In addition to binaries, there are other potential sources:
 Supernovae generate high-frequency bursts of gravitational waves that could be detected with LIGO or Virgo.
 Rotating neutron stars are a source of continuous high-frequency waves if they possess axial asymmetry.
 Early universe processes, such as inflation or a phase transition.
 Cosmic strings could also emit gravitational radiation if they do exist. Discovery of these gravitational waves would confirm the existence of cosmic strings.

Gravitational waves interact only weakly with matter. This is what makes them difficult to detect. It also means that they can travel freely through the Universe, and are not absorbed or scattered like electromagnetic radiation. It is therefore possible to see to the center of dense systems, like the cores of supernovae or the Galactic Center. It is also possible to see further back in time than with electromagnetic radiation, as the early universe was opaque to light prior to recombination, but transparent to gravitational waves.

The ability of gravitational waves to move freely through matter also means that gravitational-wave detectors, unlike telescopes, are not pointed to observe a single field of view but observe the entire sky. Detectors are more sensitive in some directions than others, which is one reason why it is beneficial to have a network of detectors.

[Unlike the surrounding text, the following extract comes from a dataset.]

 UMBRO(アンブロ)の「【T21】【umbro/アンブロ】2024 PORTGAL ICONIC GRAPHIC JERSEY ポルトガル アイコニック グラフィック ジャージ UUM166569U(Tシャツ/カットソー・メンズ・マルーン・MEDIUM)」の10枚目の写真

Directionalization is also poor, due to the small number of detectors.

In cosmic inflation
Cosmic inflation, a hypothesized period when the universe rapidly expanded during the first 10−36 seconds after the Big Bang, would have given rise to gravitational waves; that would have left a characteristic imprint in the polarization of the CMB radiation.

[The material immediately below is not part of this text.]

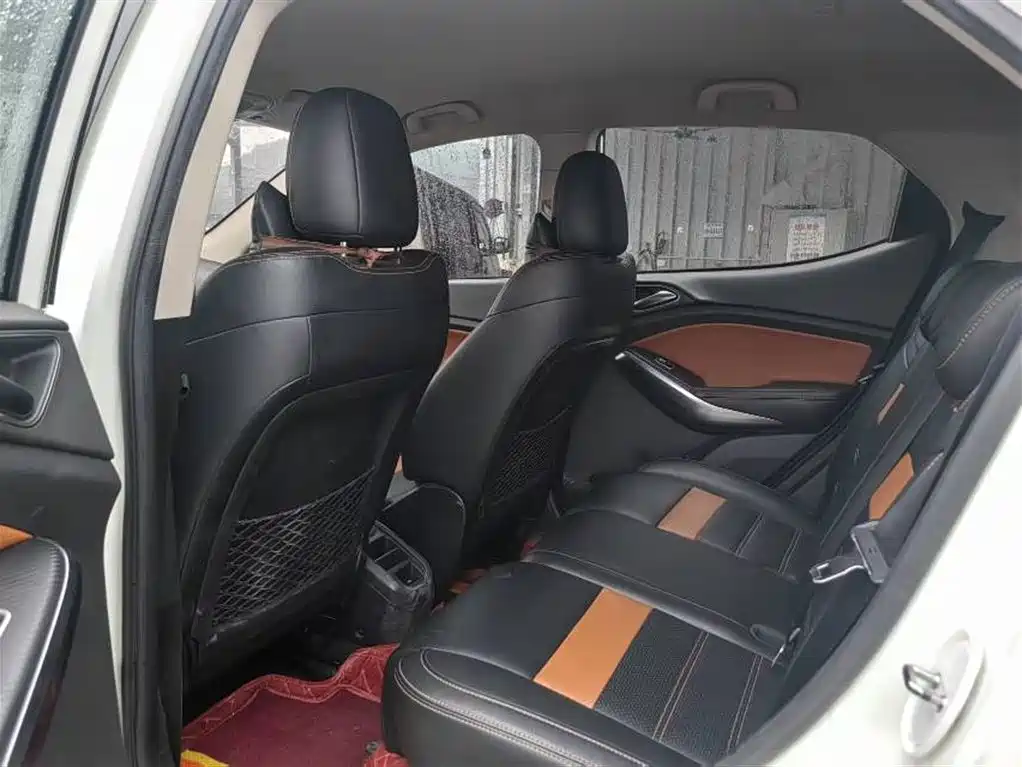 BYD Yuan 2016 1.5L Manual Luxury фото 7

It is possible to calculate the properties of the primordial gravitational waves from measurements of the patterns in the microwave radiation, and use those calculations to learn about the early universe.

Development

As a young area of research, gravitational-wave astronomy is still in development; however, there is consensus within the astrophysics community that this field will evolve to become an established component of 21st century multi-messenger astronomy.

Gravitational-wave observations complement observations in the electromagnetic spectrum. These waves also promise to yield information in ways not possible via detection and analysis of electromagnetic waves. Electromagnetic waves can be absorbed and re-radiated in ways that make extracting information about the source difficult. Gravitational waves, however, only interact weakly with matter, meaning that they are not scattered or absorbed. This should allow astronomers to view the center of a supernova, stellar nebulae, and even colliding galactic cores in new ways.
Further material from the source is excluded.